In the Roman world, feasts at temples were a major part of cultural, political, religious, and economic life. Typically, they followed a pattern of sacrifice of an animal at the temple of a particular god, followed by a public banquet at which the sacrificed animals would be consumed as part of the celebration. Clearly whether the followers of Christ in Corinth should participate in these feasts was a point of contention; to abstain might cost them dearly in social connection or economic benefit. On the other hand, doing so might fall under the category of worshipping false idols and therefore posed a risk to their salvation.

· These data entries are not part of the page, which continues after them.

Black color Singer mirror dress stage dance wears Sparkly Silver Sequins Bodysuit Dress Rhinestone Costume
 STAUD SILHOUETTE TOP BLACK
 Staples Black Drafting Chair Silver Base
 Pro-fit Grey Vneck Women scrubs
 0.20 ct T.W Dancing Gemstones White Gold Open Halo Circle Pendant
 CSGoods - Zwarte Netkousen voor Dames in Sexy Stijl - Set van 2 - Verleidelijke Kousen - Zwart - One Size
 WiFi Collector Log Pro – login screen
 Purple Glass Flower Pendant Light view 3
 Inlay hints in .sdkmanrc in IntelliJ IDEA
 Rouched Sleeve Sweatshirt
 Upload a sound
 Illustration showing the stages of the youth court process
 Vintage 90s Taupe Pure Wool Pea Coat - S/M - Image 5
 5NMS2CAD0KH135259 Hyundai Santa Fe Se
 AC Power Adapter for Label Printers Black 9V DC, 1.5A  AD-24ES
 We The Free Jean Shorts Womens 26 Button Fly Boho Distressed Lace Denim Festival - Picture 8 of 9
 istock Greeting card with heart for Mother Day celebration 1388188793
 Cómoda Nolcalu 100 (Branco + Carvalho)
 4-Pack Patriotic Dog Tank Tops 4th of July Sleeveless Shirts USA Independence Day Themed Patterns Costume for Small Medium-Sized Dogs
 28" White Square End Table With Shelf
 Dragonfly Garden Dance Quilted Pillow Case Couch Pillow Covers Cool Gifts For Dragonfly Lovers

Paul weaves a careful path through this—it’s OK to do so, he says, after all, since other gods don’t exist, meat is just meat. It’s not holy or an act of worship. But, he says, not everyone knows this, deep in their hearts. They might have lingering beliefs from before they were Christians, or be struggling with their conscience in conversion. So knowledge isn’t the be-all, end-all here; love is. Paul asks the Corinthians to think first with love, not with their knowledge: will eating at temple banquets hurt your fellow Christian? If so, abstain! Choose love.
Now, we live in a social context pretty far from that of temple banquets, and I haven’t ever had to decide whether or not to eat some meat sacrificed to Jupiter. But choosing love in the face of social norms still seems like pretty good advice to me. It is a form of hospitality, of extending welcome into the family of Christ, helping them stand strong in the ways they struggle to do the right thing. That’s something worth striving for.